Who can't cook?

A supermarket chain over here in Britain once advertised itself as being ''caring and sharing,'' which is descriptive of our long-term family arrangements with regard to food. My wife did the ''caring'' and I did the ''sharing'' and was quite content that it should be so, for I have always regarded cooking in the same light as Winston Churchill regarded Soviet Russia - ''a riddle wrapped in a mystery inside an enigma.''

About a year ago, however, circumstances demanded that I should take over the catering in our household, while carrying out my normal work. One year later, I report myself neither sadder nor wiser, but definitely better informed. Indeed, I am inclined retrospectively to follow the Chinese custom and name it the ''Year of the Hot Stove,'' for such it seems to have been.

Now I should not like anyone to think that I came to the task of cooking entirely without experience. Not so. Years ago, when the world and I were young, as a seaman in a destroyer we had what was called ''mess catering.'' Under this arrangement each seamen's ''mess'' did its own cooking for the members while the official Navy cook commanded a galley wherein he provided the basics and essentials for us to perform, i.e., pans, hot water, and criticism.

Every day, two of us took it in turns to prepare food for the 14 others. No one was excused, least of all for the derisory excuse that ''I can't cook!'' Seamen in the Royal Navy, we were informed with some asperity by the Admiralty, can do anything. Like all propaganda at that time, it was strictly and fundamentally untrue.
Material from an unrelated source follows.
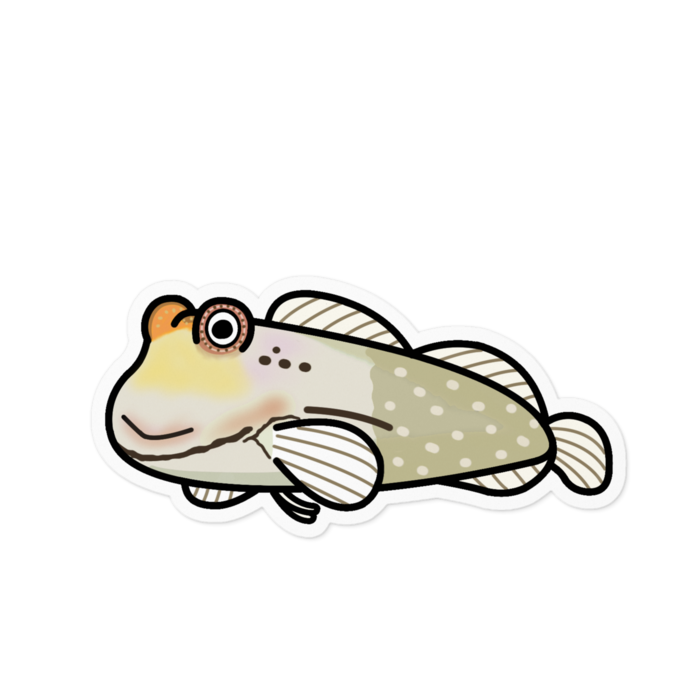 ステッカー - 100 x 100 (mm)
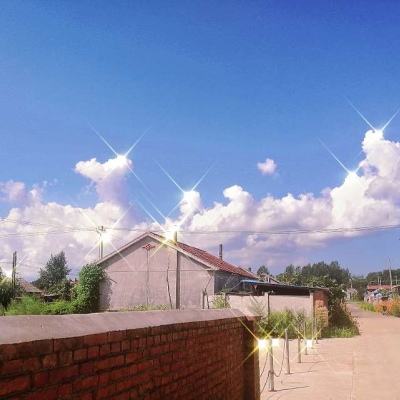 米乐·M6手机app下载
So at the beginning of last year, I arrived at the starting point with fading memories of how to take, say, 64 eggs and, maybe, 20 pounds of flour, and, perhaps, around 60 pounds of meat (unidentified) and finish up with a ''straight bake.'' (At sea, any food you couldn't recognize when it was cooked was called a ''straight bake.'') It was thought to make for harmony in the mess. In fact, I recall that, after one meal made partly by me, a fellow seaman observed thoughtfully that after eating my food the U-boat menace no longer loomed so large in his mind.
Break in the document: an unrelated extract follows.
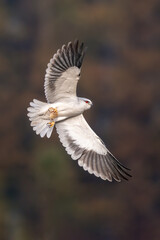white tailed eagle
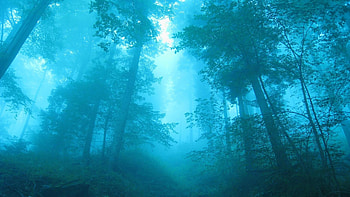 Fog In Forest, fog, forest, nature HD wallpaper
Well, you know how it is: When you become aware of a subject of no previous interest you discover what a lot of it there is about. I hadn't really noticed all the cooking programs on TV, for instance, but I quickly managed to transfer my dislike for political broadcasts and ''Dallas'' to the well-groomed and smiling - ever smiling - TV cooks. What is more, coming new to their viewers, in my opinion they cheated. They would chop up a mess of pottage and then ''in order to save time'' produce the end product already cooked. Very suspicious, I decided, and turned to the cookbooks, only to find out how difficult it is for the beginner to divide a meal for four, into one for two, when ingredients are as imprecise as ''one moderately sized onion.''

Now I was not unaware of the changing world of food since the days when I had cooked. Convenience foods, blister-packed foods, precooked foods, fast foods, and all the rest. Then there was the eruption of every manner of foreign food. Curiously, I discovered that there was no precooked roast beef and Yorkshire pudding, which is the basis of our imperial past. I assume that the food companies felt that heresy in cooking can only go so far before a counterreformation sets in.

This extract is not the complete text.